Re: crazy idea: big percpu lock (Re: task isolation)

From: Rik van Riel
Date: Tue Nov 10 2015 - 09:19:14 EST


On 10/28/2015 02:45 PM, Andy Lutomirski wrote:

>> The model I chose is to have a per-cpu state that indicates whether
>> the core is in kernel space, in user space, or in user space with
>> a TLB flush pending. On entry to user space with task isolation
>> in effect we just set the state to "user". When doing a remote
>> TLB flush we decide whether or not to actually issue the flush by
>> doing a cmpxchg() from "user" to "user pending", and if the
>> old state was either "user" or "user pending", we don't issue the
>> flush.

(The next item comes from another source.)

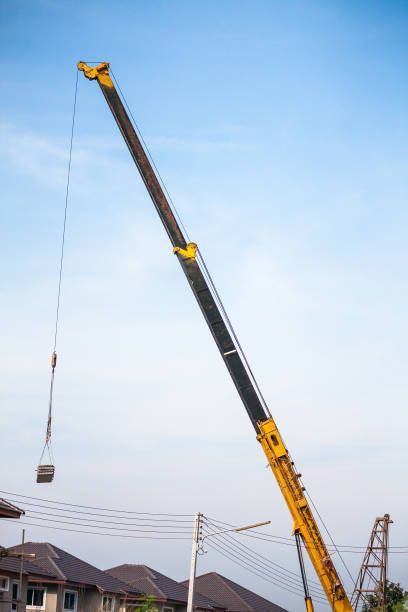 A yellow crane lifting a rectangular object against a light blue sky, near houses and power lines.
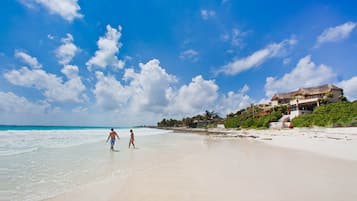 Na praia, areia branca, toalhas de praia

Finally, on entry to the kernel for a task-isolation task we
>> do an atomic xchg() to set the state to "kernel", and if we discover
>> a flush was pending, we just globally flush the kernel's full VA range
>> (no real reason to optimize for this case).
>
> This sounds like it belongs in the generic context tracking code, or
> at least the tracking part and the option to handle deferred work
> should go there.

I wonder if your whole idea could also piggyback on the
context tracking code.

If the remote CPU is in a quiescent state, have the per-cpu
thing done by the calling CPU, instead of interrupting the
quiescent CPU.

In the unlikely event quiescent CPU wakes up (or returns to
kernel space) while some per-cpu thing is done remotely, it
can wait for completion before it continues into the kernel.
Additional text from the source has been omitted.